Effect of CX614 on autaptic responses and asynchronous EPSCs in hippocampal neurons grown on microislands. A, superposition of autaptic responses obtained before and during application of 20 μM CNQX; representative experiment. Autaptic responses were evoked by delivering a brief depolarizing pulse through the recording electrode. The decay time constant of the response is 12.6 ms. Calibration, 2.5 nA/10 ms. B, autaptic responses before and after infusion of 100 μM CX614. Decay time constants are 4.4 and 10 ms, respectively. Calibration, 250 pA/10 ms. C, Effect of 100 μM CX614 on asynchronous synaptic activity triggered by depolarization pulses. Calibration, 200 pA/50 ms. D and E, superposition of asynchronous EPSCs recorded before and after infusion of CX614. Traces in D were taken from the experiment shown in C, as marked by asterisks; those in E are from a separate experiment that exhibited very large responses. Calibration for D, 50 pA/25 ms; for E, 200 pA/25 ms.

If microislands contained multiple interconnected neurons, a stimulation pulse delivered to one of them often triggered asynchronous synaptic responses, as shown in Fig. 3C. Twenty to eighty such events were analyzed per experiment. These responses in most cases had amplitudes of 20 to 60 pA and decayed to baseline with time constants of 2 to 12 ms. CX614 did not change the number of events per minute (17.4 ± 10.3 for drug versus 18.5 ± 9.4 for control,n = 4) but increased the responses, mainly by prolonging the decay time constant (from 7.4 ± 2.5 ms to 20.6 ± 5.4 ms; or by a factor of 3.0 ± 0.7,n = 4) with only a modest effect on the amplitude (1.1 times) (Fig. 3, D and E).

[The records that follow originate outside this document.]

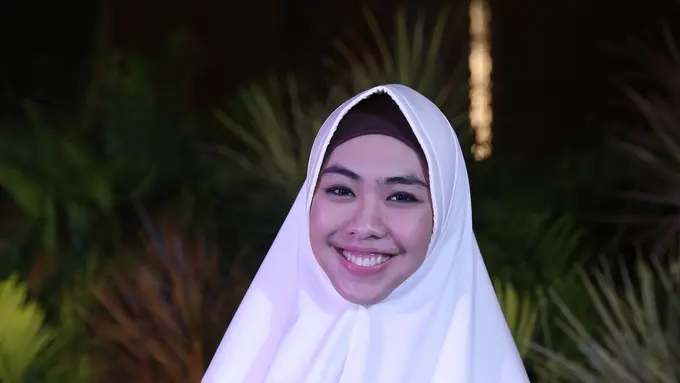 [Bintang] Oki Setiana Dewi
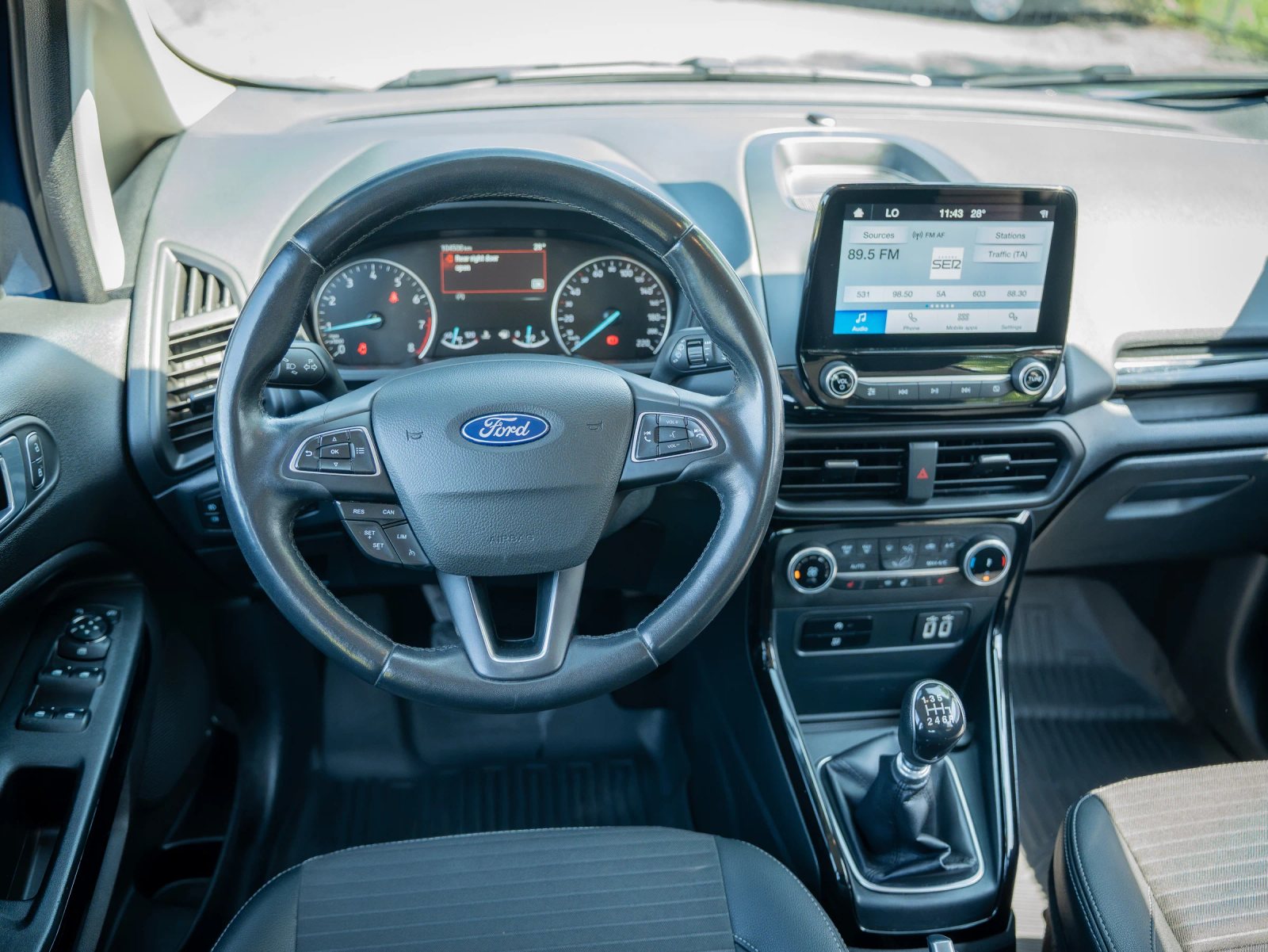 Ford EcoSport — habitaclu cu volan, bord și scaunele din față.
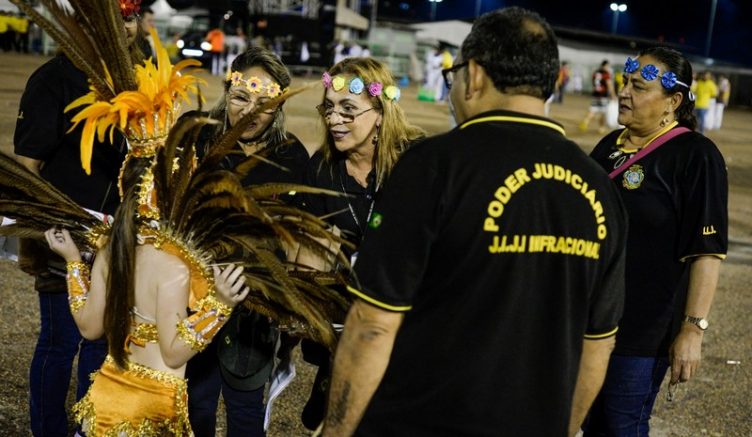 Vai pro Sambódromo? Entenda o que fazer com crianças e adolescentes no Carnaval de Manaus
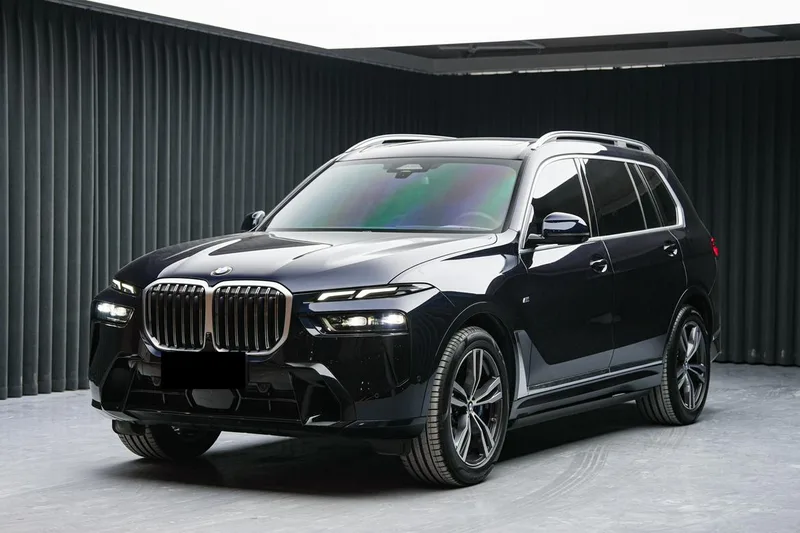 BMW X7 2024 xDrive40i Premium Class M Sports suit 6 seat exterior photo 1 BMW X7 2024 xDrive40i Premium Class M Sports suit 6 seat exterior photo 1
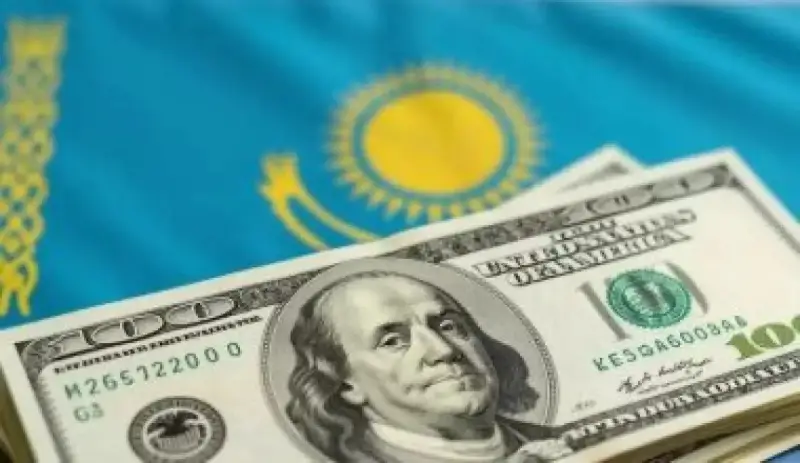 Теңге әлсіреп барады: доллар бір күнде 2,7 теңге қымбаттады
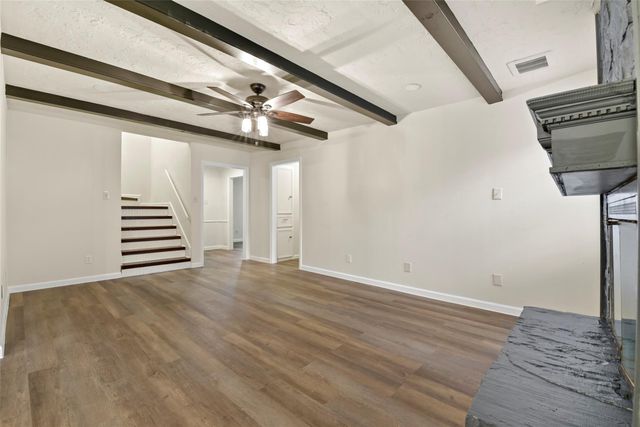 207 Willowick Drive, Conroe, TX 77304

Effect of CX614 on AMPA Receptors in Excised Patches: Comparison with CTZ.

Drug effects on AMPA receptor kinetics were analyzed in patches excised from CA1 pyramidal cells of cultured hippocampal slices in the presence of AP5 and MK-801. Step application of 1 mM glutamate produced an inward current that declined because of receptor desensitization to a steady-state level of 5 to 10% with a time constant of about 10 ms (Fig. 4; Arai et al., 1995, 1996a,b). CX614 raised the steady-state current without affecting the rate at which it was reached and it abolished any decay of the response at concentrations above 300 μM. The response profile at intermediate drug concentrations probably represents a superposition of the current produced by one subpopulation of receptors that have bound CX614 and do not desensitize plus the current from the remaining receptors that have not bound the drug. The steady-state current thus provides a measure for the fraction of receptors that have bound the drug. A dose-response relation is shown on the left side of Fig. 4 in which the steady-state current is expressed as a percentage of the peak response without drug. The EC₅₀ value was 43 μM (n _H = 1.08) and the maximum was about 200%. Glutamate at 1 mM produces about half-saturation (Arai et al., 1995); thus, responses at high concentrations of CX614 reached about the same amplitude as responses produced by saturating concentrations of glutamate alone. This accords with previous observations using other modulators (Arai et al., 1996a) and with the finding that the EC₅₀ for glutamate in general is shifted toward lower concentrations by such drugs (Yamada and Tang, 1993). The shift in the EC₅₀ value of the peak current toward higher concentration (Fig. 4B) probably reflects a delay in the time to peak at subsaturating drug concentrations.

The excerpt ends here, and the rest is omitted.